TASK MATERIAL Start Marker

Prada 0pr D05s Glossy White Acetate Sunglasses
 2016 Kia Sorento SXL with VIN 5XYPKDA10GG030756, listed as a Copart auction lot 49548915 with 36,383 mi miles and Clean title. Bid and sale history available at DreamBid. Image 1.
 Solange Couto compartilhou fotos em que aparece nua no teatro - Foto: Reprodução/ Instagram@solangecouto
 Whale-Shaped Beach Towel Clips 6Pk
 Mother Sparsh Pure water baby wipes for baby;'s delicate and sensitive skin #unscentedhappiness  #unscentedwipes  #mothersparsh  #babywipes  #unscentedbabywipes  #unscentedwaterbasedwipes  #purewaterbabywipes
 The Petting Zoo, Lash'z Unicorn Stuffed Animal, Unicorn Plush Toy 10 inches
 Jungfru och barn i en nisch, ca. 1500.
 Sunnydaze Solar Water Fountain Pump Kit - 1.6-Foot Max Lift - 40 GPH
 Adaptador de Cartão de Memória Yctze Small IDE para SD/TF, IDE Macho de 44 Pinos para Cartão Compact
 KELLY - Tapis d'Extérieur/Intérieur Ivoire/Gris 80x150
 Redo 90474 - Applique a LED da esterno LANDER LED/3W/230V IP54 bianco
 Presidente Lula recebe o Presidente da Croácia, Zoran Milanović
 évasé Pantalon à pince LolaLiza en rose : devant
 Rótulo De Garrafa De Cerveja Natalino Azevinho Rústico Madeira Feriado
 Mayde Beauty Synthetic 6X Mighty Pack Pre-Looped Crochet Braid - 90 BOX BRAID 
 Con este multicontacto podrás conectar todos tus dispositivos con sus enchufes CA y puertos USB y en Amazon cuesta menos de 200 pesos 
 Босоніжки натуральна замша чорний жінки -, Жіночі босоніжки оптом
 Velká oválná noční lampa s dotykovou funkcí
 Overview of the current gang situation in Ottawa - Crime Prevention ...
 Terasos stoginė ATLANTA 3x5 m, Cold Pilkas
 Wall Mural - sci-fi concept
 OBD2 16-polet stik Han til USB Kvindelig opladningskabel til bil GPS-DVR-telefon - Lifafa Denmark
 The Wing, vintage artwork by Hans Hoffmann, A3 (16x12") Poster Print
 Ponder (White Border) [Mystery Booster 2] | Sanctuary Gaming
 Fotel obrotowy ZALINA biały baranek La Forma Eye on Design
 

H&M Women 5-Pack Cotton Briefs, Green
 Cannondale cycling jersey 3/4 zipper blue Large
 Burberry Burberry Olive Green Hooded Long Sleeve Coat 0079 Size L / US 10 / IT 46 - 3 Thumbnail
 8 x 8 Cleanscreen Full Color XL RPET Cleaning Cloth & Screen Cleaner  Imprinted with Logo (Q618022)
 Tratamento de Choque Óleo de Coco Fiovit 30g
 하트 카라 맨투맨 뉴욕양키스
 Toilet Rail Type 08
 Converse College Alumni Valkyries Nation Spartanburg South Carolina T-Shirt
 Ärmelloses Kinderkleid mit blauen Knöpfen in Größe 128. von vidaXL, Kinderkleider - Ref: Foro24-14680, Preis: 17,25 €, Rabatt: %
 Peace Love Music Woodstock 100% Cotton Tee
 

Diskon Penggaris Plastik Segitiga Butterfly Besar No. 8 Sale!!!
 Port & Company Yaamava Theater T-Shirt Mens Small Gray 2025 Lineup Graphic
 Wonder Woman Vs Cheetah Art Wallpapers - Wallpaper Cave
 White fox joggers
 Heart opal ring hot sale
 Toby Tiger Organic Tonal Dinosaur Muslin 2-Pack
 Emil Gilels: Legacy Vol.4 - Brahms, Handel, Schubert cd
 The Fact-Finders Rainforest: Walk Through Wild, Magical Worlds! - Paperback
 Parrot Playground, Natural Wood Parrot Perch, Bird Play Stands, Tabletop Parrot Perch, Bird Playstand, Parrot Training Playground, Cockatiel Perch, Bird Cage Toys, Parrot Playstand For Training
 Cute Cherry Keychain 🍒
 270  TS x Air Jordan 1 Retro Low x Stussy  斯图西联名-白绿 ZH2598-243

TASK MATERIAL End Marker

(INSTRUCTIONS TO FOLLOW):
Only the lines from the one bearing "Diskon Penggaris Plastik" through the end of the entries above belong in the answer, each one exactly as given.

(RESPONSE AREA):
Diskon Penggaris Plastik Segitiga Butterfly Besar No. 8 Sale!!!
 Port & Company Yaamava Theater T-Shirt Mens Small Gray 2025 Lineup Graphic
 Wonder Woman Vs Cheetah Art Wallpapers - Wallpaper Cave
 White fox joggers
 Heart opal ring hot sale
 Toby Tiger Organic Tonal Dinosaur Muslin 2-Pack
 Emil Gilels: Legacy Vol.4 - Brahms, Handel, Schubert cd
 The Fact-Finders Rainforest: Walk Through Wild, Magical Worlds! - Paperback
 Parrot Playground, Natural Wood Parrot Perch, Bird Play Stands, Tabletop Parrot Perch, Bird Playstand, Parrot Training Playground, Cockatiel Perch, Bird Cage Toys, Parrot Playstand For Training
 Cute Cherry Keychain 🍒
 270  TS x Air Jordan 1 Retro Low x Stussy  斯图西联名-白绿 ZH2598-243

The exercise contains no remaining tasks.